Ok, where to start? You see, that’s just it, that’s the problem. Where to start? I’ve wanted to write a book for as long as I can remember; I’ve been rattling on about it for years. It’s not as if I’ve kept it to myself either. I’ve told friends and family and anyone who has cared to listen. Well where is it then? THIS BOOK? It’s all very well producing a 300 word piece of flash fiction every day, writing the occasional article, and entering the odd writing competition. These things are within my writer’s comfort zone. My dreamy-peachy-creamy comfort zone. But it’s time to move onwards. Onwards and upwards. Time to raise my pen towards the stars and emerge from my comfort zone like a Phoenix rising from the flames. But if only I could leave my self on the ground.
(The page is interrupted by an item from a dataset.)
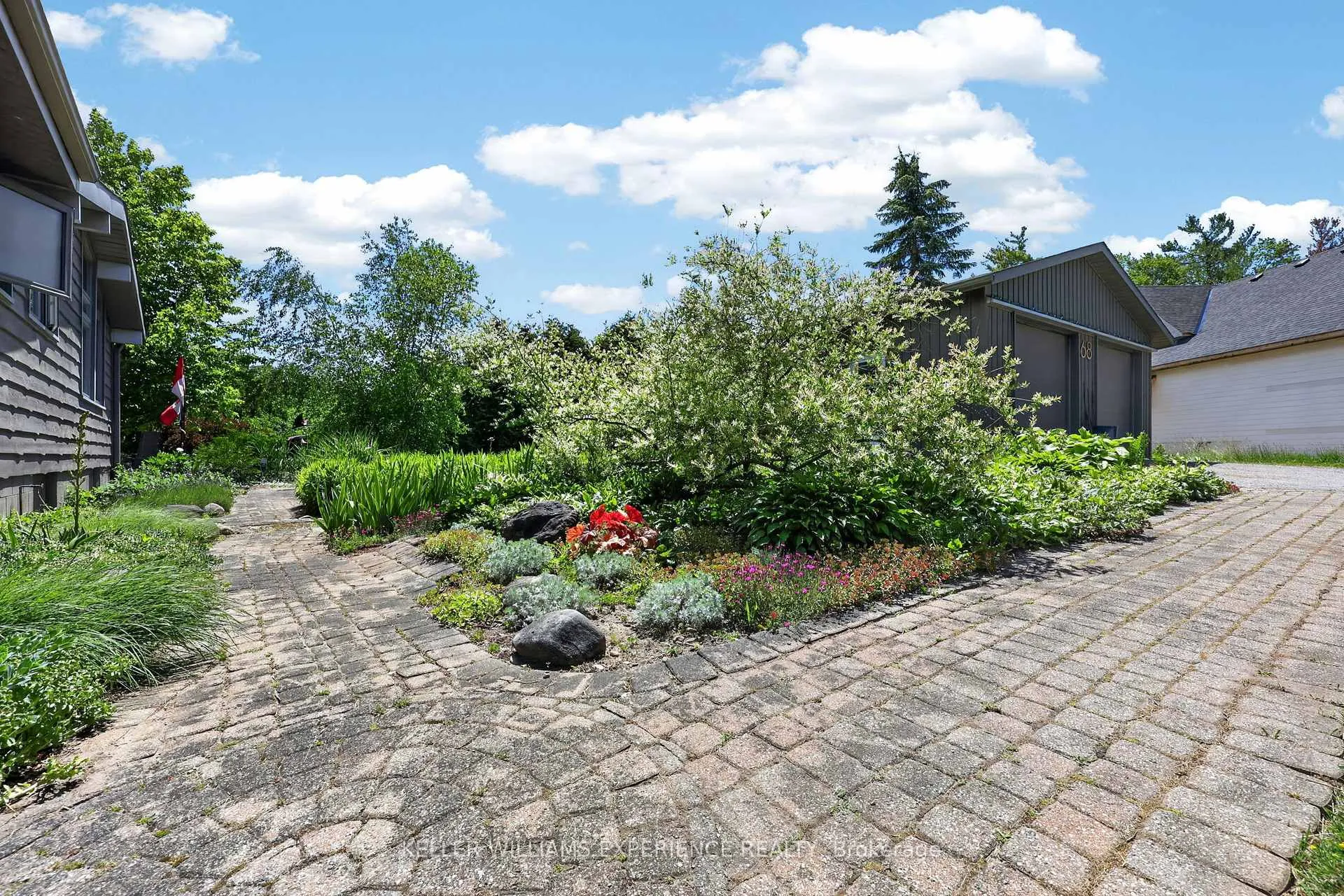 Photo 8 of 68 Royal Oak Drive, Barrie, South Shore — HOMEH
I need to get away from myself, to escape from the ‘I’, from this stifling egoism that keeps me chained to the first person perspective, hindering my creativity. It’s always me me me me me. So before I can start, I must unleash my writing self, free it up, oil its arthritic hips and get it snaking around the dance-floor like a Latino lover on ecstasy. It’s time to be bold, write in second and third person, invent characters - male characters, child characters, elderly characters - write about different subjects. Yep it’s time to jump into the ring, hold up the red towel and let my insecurities charge me - a full frontal assault on my writer within. Let them rip me into a million shreds; let my guts be splattered across the page, and every piece of paper be stained with the ink of my soul. Let them make me tell it from the inside. Out.